Para acceder al trono de Castilla, Isabel y Fernando de Aragón tuvo que imponerse militarmente a los partidarios de Juana la Beltraneja, teórica hija de Enrique IV pero que la Corte y el pueblo atribuían al aristócrata Beltrán de la Cueva; con ella se casó el rey Alfonso V de Portugal, presentando así sus aspiraciones al trono, cercenadas definitivamente en la batalla de Toro ante las tropas de Isabel y Fernando.

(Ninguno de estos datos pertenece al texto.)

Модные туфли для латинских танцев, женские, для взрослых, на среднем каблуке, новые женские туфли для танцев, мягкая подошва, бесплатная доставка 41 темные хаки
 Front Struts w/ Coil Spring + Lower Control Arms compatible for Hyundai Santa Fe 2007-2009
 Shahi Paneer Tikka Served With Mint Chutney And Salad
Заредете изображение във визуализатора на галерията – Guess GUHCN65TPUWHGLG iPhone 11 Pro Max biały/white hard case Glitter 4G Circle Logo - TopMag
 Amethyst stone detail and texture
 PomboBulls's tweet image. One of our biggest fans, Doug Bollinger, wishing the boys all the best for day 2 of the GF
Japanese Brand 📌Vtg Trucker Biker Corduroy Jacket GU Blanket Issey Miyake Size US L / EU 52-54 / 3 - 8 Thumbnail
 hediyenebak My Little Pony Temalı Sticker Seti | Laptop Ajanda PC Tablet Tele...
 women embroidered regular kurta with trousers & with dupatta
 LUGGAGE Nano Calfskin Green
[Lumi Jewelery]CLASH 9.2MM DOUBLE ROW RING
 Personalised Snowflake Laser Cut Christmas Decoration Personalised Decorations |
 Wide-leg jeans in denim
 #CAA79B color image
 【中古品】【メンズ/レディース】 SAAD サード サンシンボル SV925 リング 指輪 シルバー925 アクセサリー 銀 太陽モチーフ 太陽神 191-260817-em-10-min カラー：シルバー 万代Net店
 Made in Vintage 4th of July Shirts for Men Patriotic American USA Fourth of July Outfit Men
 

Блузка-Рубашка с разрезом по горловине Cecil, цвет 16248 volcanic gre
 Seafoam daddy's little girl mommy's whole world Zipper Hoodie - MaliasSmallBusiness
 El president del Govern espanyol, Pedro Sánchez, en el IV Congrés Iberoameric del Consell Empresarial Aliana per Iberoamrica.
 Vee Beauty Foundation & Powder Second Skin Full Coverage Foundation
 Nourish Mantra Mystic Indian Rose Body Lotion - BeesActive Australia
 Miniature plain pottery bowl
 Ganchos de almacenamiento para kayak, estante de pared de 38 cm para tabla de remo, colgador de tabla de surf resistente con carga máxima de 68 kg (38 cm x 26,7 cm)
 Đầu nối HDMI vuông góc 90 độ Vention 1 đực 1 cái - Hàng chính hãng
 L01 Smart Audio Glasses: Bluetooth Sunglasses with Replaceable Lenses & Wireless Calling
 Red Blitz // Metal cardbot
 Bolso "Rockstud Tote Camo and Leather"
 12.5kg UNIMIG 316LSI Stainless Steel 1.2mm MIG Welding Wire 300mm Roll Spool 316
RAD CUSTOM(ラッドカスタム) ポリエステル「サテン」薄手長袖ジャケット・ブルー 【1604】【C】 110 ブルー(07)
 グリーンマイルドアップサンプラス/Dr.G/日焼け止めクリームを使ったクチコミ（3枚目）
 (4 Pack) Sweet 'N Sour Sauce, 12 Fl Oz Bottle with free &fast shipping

La historiografía tradicional española establecía un fuerte contraste entre el reinado de Isabel y el de su hermano Enrique IV. A Isabel se la calificaba como una gestora eficaz, creadora del Estado moderno en España con el establecimiento del poder monárquico frente a los nobles y las órdenes militares; se la otorgaba, de acuerdo con los cronistas, una voluntad casi masculina, aunque además se la atribuían los valores propios de la mujer cristiana. El mandato de Enrique IV se solía definir como de decadencia, disipación de las costumbres y de infiltración de los judíos en la Corte. En realidad, los judíos llevaban muchos años ocupando puestos de confianza de los reyes, como el de recaudadores de impuestos o prestamistas. Los historiadores que abogaban por la esencia cristiana de España ponían el acento en su avaricia, su abuso de la usura y su secular odio a la Iglesia desde que crucificaron a Jesús de Nazaret como las razones del descontento popular hacia ellos, aunque éste también tenía tintes xenófobos. El cardenal Mendoza fue el consejero de confianza de la reina hasta mediados de la década de los 90. Aunque la historiografía de la etapa democrática en España reniega oficialmente del carácter épico y trascendental de la franquista, lo cierto es que la glorificación que se hizo de la reina Isabel (o de Carlos I o Felipe II en anteriores centenarios) se parece bastante a ella en la importancia que se concede a los grandes personajes, los hechos de armas y la gloria perdida de la España imperial. Todo ello se contradice con las directrices básicas que suelen defender los historiadores modernos, supuestamente más partidarios de la Historia social, económica, cultural, de las mentalidades o de las costumbres, que consideran más representativas de la realidad humana que los mitos épicos de la patria.

Uno de los grandes hitos del cine comercial en los tres últimos años había sido la trilogía El señor de los anillos, sobndore la novela de J. R. Tolkien. La adaptación fílmica rezumaba épica guerrera, olvida otros elementos interesantes de la obra literaria mucho más difíciles de adaptar al cine. La primera parte de la trilogía comienza narrando la forja del anillo regente en los fuegos del Monte del Destino: "un anillo para gobernarlos, un anillo para encontrarlos, un anillo para atarlos a las tinieblas" según la leyenda que tiene grabada. Lo mandó construir Sauron, el Señor Oscuro, para dominar a todos los pueblos del mundo, pero una alianza entre hombres y elfos le desposeyó. Sin embargo, el anillo tiene voluntad propia y está deseando regresar a su amo. Cae en manos de una horrible criatura llamada Gollum, que lo adora y lo contempla llamándolo "¡Mi tesoro!" ("My precious!", en la versión original), pero el anillo termina escapando. Lo encuentran los hobbits, raza insignificante y muy poco poderosa. Uno de ellos, Frodo, será el encargado de destruirlo devolviéndolo al fuego, para lo que tendrá que sobrevivir a una larga odisea que se desarrolla a lo largo de las tres películas de la trilogía, y resistirse a la magnética tentación de poder que ejerce el anillo sobre todos los que se acercan a él. Sus dos principales aliados serán Aragorn, valiente caballero y rey de Gondor, y el mago Gandalf. Gollum se gana la confianza de Frodo y le acompaña en su largo viaje, pero lo hace esperando su oportunidad para traicionarle y recuperar el anillo.